To me the big blow was seeing the response to what’s happening in Gaza and what narratives people and algorithms in combination end up promoting. The thoughtful, balanced, humanistic view gets approximately zero traction, while completely untruthful propaganda (on both sides) has enormous reach.

Maybe it’s an insurmountable problem. Human defense mechanisms in combination with algorithms will always push people to tribalism and cheering for atrocities. I hope not, but seems like it.

I guess you could take the OPs approach of filtering out all the propaganda and keep contributing. But then you are effectively working for a propaganda machine free of charge, helping create value that will draw others in to be subjected to the propaganda.

beAbU|1 year ago

I've found this [1] to also work really well to clean up the feed.

1: https://help.x.com/en/managing-your-account/how-to-deactivat...

buran77|1 year ago

I went that route for my account which I wasn't using anyway but only because I realized it's not "my account" and my control over it is way too limited.

I logged in after many years of inactivity only to realize that despite only having a few friends, my feed was exclusively Musk and Tesla stuff. No amount of "don't show me this" helped. On one hand I found it exceptionally pathetic that any person would need to stroke their own ego to this degree at the expense of everyone else. But worse, it's clear that Twitter/X/Musk control my feed more than I do so the only way to win the game is to not play it.

thih9|1 year ago

The link leads to a Twitter/X support article for “How to deactivate your account”.

patchtopic|1 year ago

[flagged]

xmodem|1 year ago

Switching to mastodon has been such a breath of fresh air. No algo-driven feed manipulating me to constantly check in means that I have a much healthier relationship with it. If I'm, say, on the metro I can use it to kill time for 5 minutes... and then put it down, and I don't feel compelled to pick it up.

blueflow|1 year ago

The platform was not the problem, it was the people. People migrated to bluesky and fedi and now create these contents there.

dewey|1 year ago

If you have to fight this much to use a platform...why bother?

danielpetho|1 year ago

the network effect is still strong.

it feels like a huge chunk of (recent/real-time) tech/design discussion happens there. but could be just me. i'm still warming up on bluesky/threads.

LeoPanthera|1 year ago

[deleted]

spookie|1 year ago

Let's not promote divisions.

Unless you meant: "people should stop using social media in which there are monetary incentives to be sensationalist", which I definitely agree on.

I would love if we had more civilized discussions on the web, we would understand eachother better that way. But it's an impossible ask.

blueflow|1 year ago

No way "drawing lines" between you and other people could backfire.

ChocolateGod|1 year ago

I don't want to be on whatever side you're on if you're going around making divisions over what social network people use.

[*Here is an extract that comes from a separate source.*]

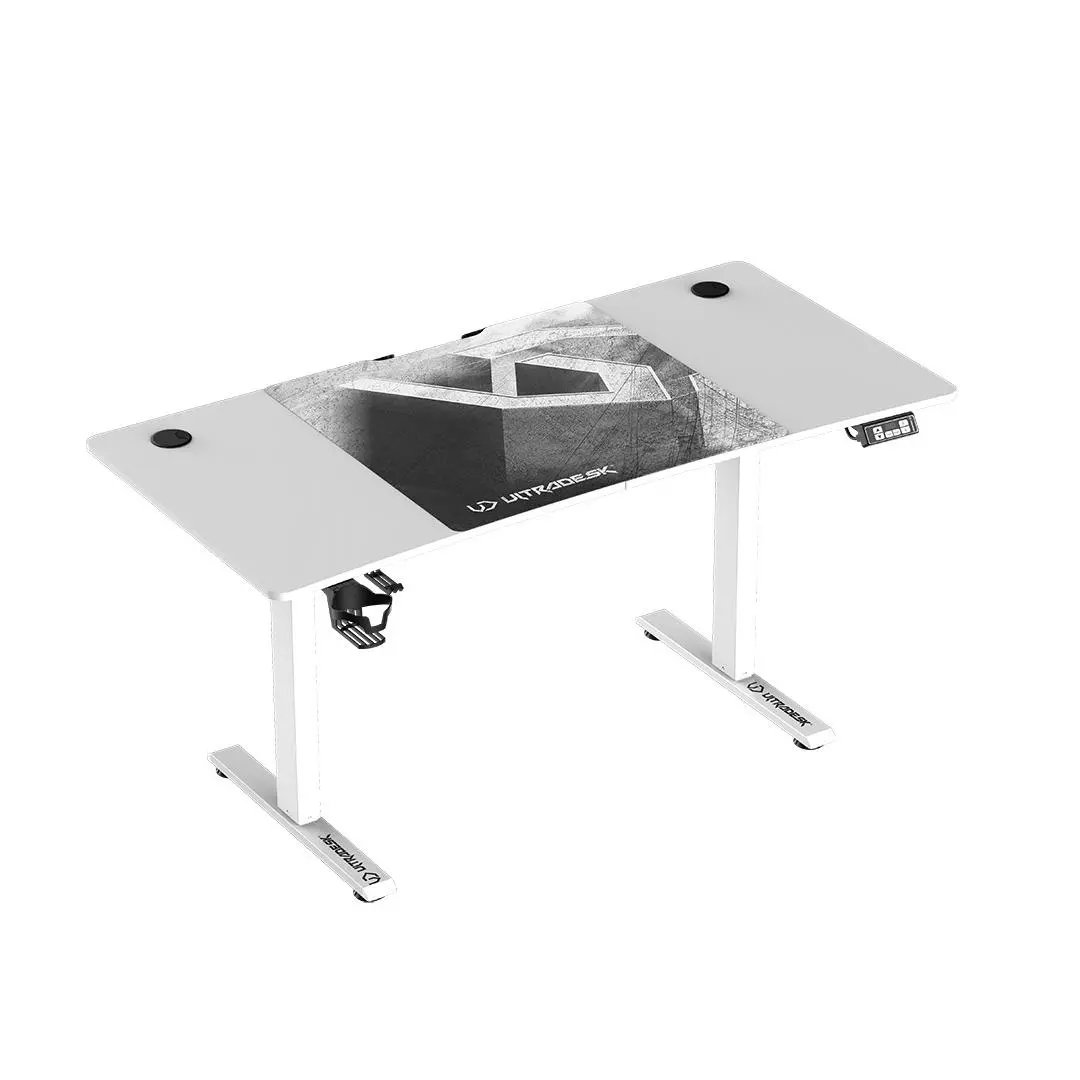 Biurko Ultradesk LEVEL V2 140cm Regulacja wysokości Biały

cynicalsecurity|1 year ago

[deleted]

Extropy_|1 year ago

Don't drive a car and thus never get a flat. Problem solved.

pier25|1 year ago

I just moved to Bluesky

pwdisswordfishz|1 year ago

[deleted]

danielpetho|1 year ago

someone asked the exact same question hah.

i'd say because: the network effect is still strong. it feels like a huge chunk of (recent/real-time) tech/design discussion happens there. but could be just me. i'm still warming up on bluesky/threads.

nomilk|1 year ago

I'm personally a huge Elon fan, but I know many who are not and have heard from multiple sources that they can't get him out of their feeds no matter how hard they try. If you tweak your current idea to simply remove all Elon-related content from the feed, that would be funny but may also be strangely profitable (people would probably buy it out of spite).